:: Data

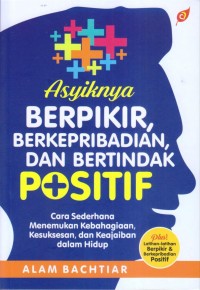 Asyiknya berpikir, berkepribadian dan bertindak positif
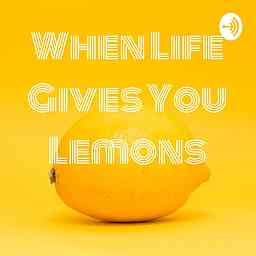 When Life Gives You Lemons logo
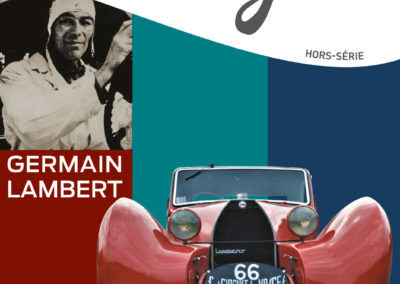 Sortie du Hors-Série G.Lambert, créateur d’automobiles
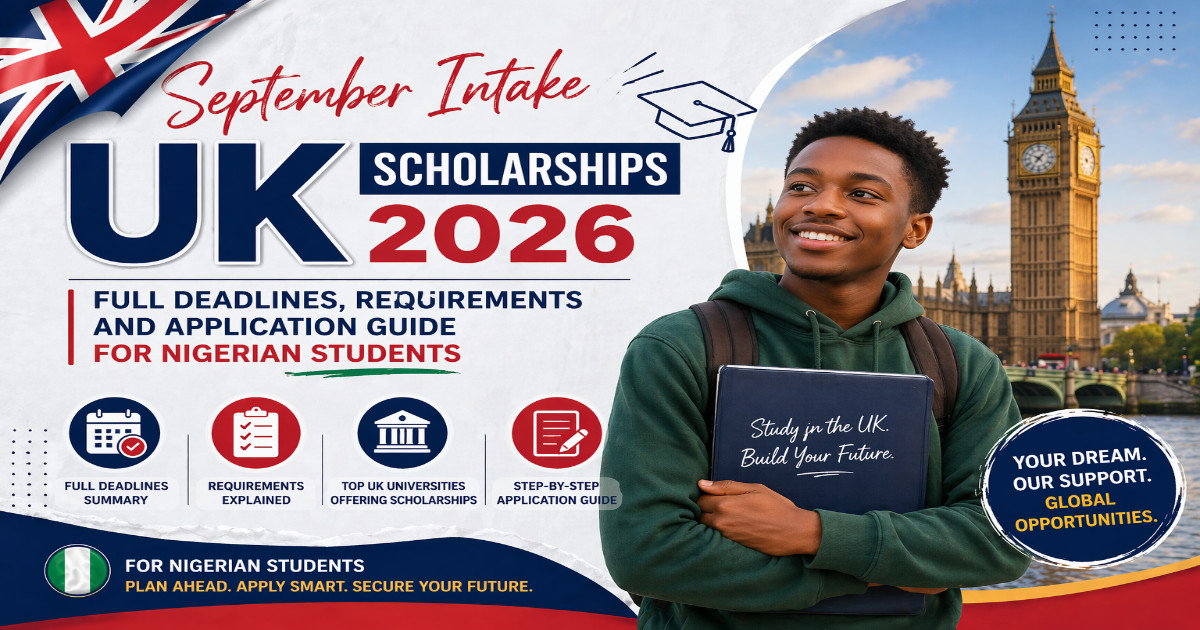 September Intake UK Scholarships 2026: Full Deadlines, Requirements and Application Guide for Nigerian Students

::::
:: Data

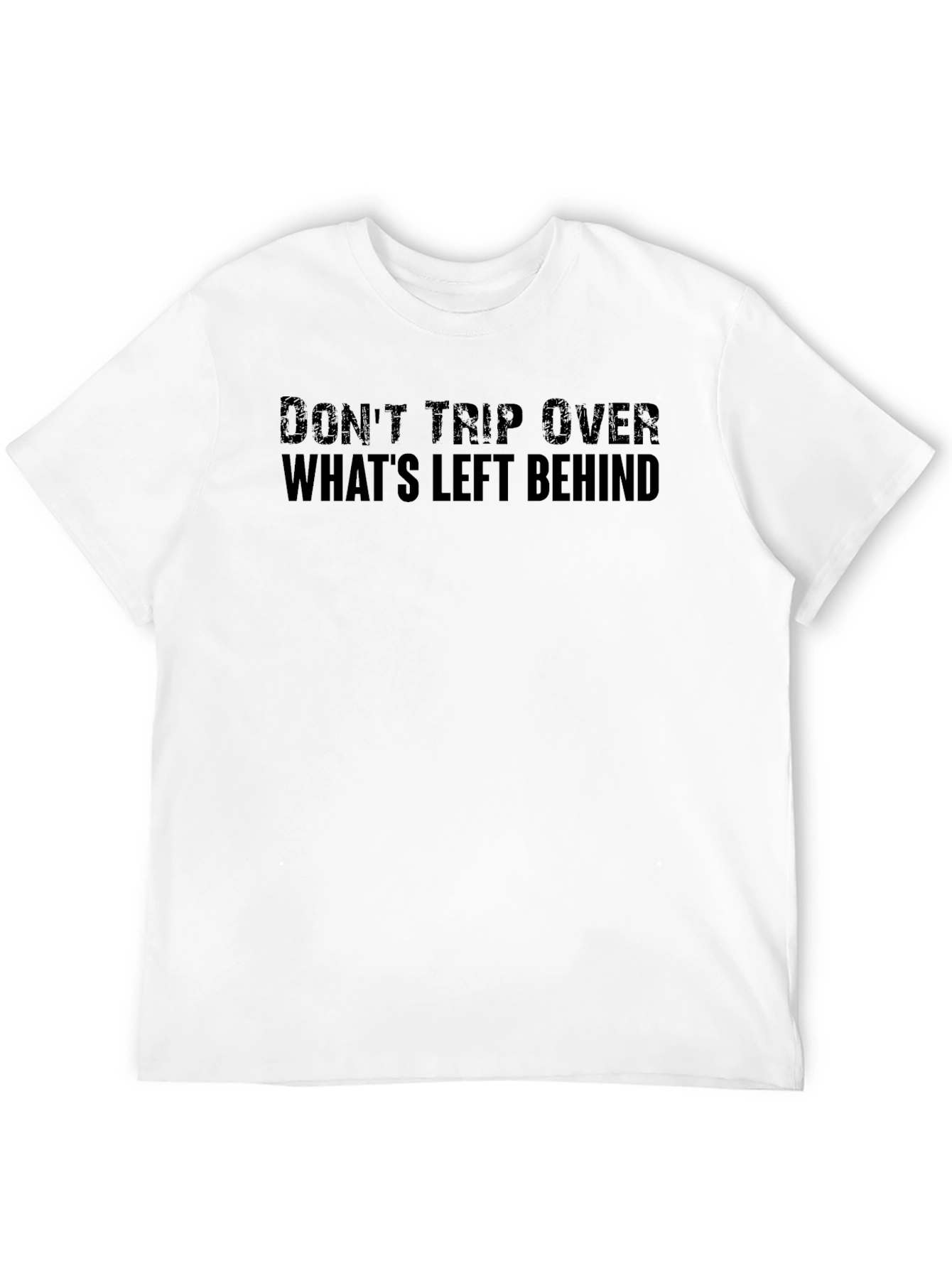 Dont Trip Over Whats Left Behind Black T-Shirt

::::
:: Data

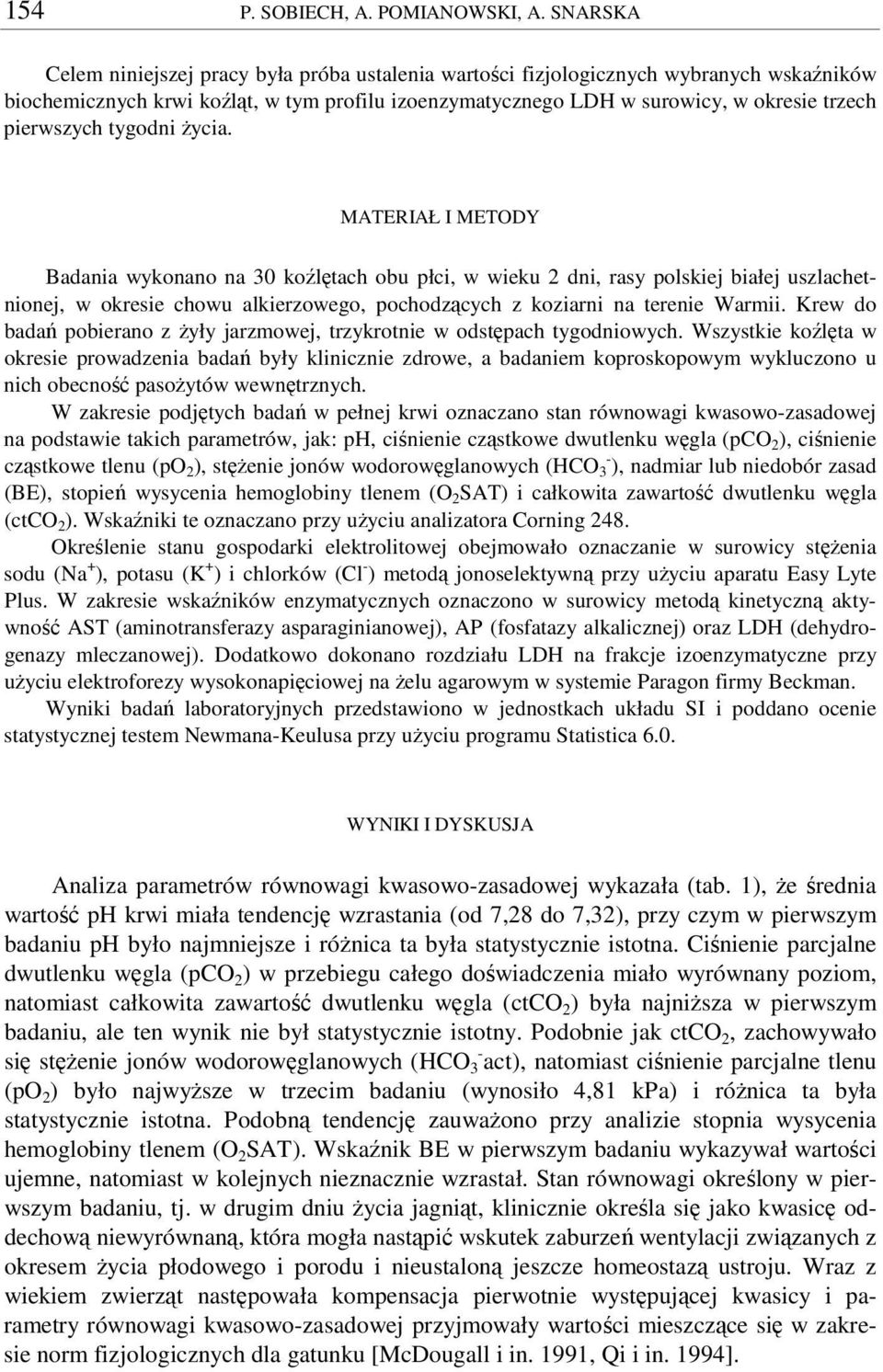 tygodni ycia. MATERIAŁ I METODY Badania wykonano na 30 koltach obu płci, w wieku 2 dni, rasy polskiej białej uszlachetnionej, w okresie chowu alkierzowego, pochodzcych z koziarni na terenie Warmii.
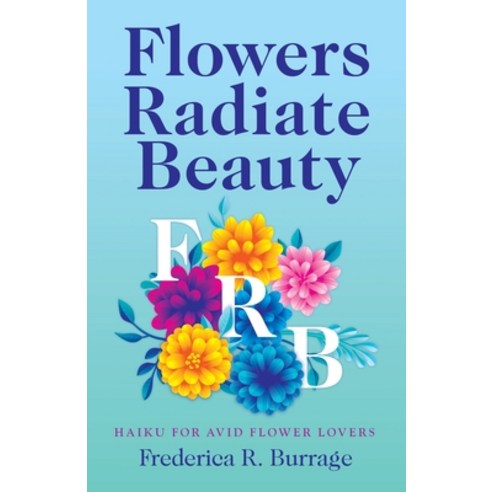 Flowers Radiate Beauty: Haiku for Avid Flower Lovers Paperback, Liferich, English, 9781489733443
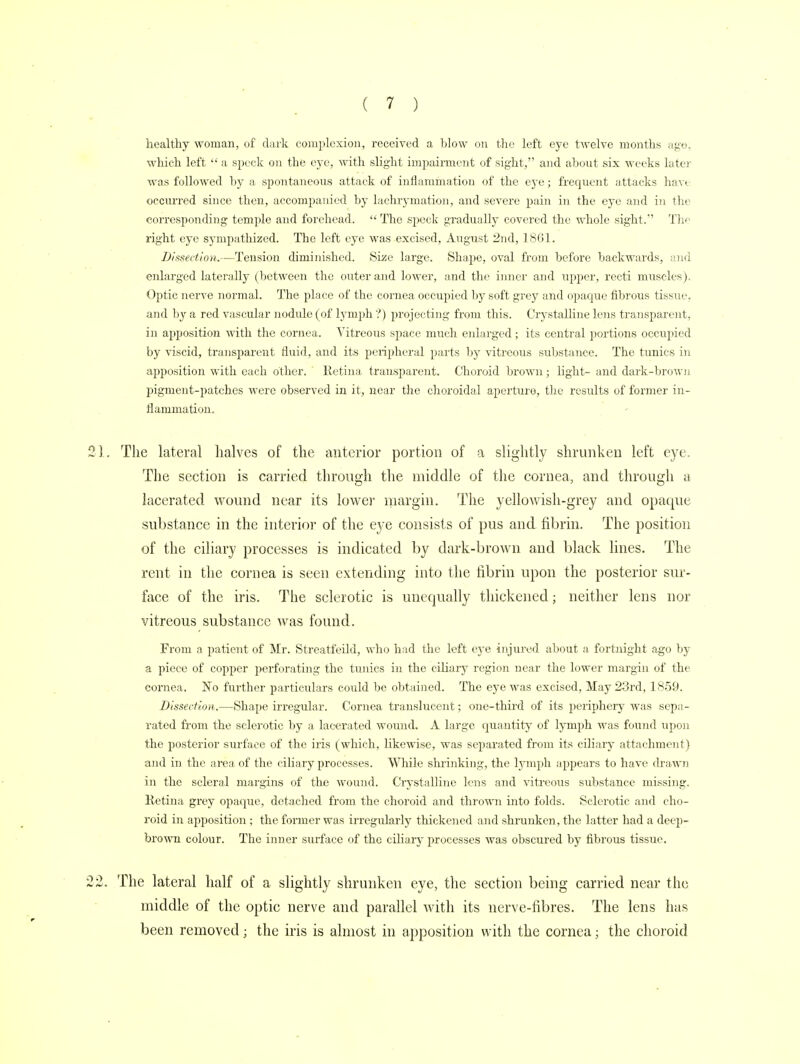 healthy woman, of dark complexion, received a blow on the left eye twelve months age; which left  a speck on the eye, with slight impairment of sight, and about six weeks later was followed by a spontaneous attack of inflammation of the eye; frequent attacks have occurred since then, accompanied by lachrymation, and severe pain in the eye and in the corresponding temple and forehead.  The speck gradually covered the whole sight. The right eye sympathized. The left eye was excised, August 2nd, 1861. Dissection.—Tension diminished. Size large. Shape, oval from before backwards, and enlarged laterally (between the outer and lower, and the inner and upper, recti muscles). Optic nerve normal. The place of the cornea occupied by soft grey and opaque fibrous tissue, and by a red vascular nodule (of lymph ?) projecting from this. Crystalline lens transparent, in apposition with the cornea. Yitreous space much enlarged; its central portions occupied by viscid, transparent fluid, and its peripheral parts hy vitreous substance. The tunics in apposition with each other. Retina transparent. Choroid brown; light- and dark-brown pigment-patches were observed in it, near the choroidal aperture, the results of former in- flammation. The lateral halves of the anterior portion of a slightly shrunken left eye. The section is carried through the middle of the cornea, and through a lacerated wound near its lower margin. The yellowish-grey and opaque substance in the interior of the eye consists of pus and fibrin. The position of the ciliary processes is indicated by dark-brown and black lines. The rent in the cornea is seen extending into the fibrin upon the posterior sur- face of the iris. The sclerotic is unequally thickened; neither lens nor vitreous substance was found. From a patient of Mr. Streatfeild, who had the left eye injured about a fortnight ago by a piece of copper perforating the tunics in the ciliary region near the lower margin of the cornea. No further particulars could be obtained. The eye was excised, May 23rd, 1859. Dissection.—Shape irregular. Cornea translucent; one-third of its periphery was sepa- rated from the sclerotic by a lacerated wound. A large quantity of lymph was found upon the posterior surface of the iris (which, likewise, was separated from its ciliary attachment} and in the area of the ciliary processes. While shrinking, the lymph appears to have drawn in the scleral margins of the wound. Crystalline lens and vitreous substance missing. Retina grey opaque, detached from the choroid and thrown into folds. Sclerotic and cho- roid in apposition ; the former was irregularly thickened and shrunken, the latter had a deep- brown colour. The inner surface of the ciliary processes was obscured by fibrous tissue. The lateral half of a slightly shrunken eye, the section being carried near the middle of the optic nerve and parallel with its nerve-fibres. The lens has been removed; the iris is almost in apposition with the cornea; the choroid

::::

Task requirements:
Your output should be the lines above from the one that contains "Asyiknya berpikir, berkepribadian" through the one that contains "September Intake UK", word for word, with pictures left out.

Solution:
 Asyiknya berpikir, berkepribadian dan bertindak positif
 When Life Gives You Lemons logo
 Sortie du Hors-Série G.Lambert, créateur d’automobiles
 September Intake UK Scholarships 2026: Full Deadlines, Requirements and Application Guide for Nigerian Students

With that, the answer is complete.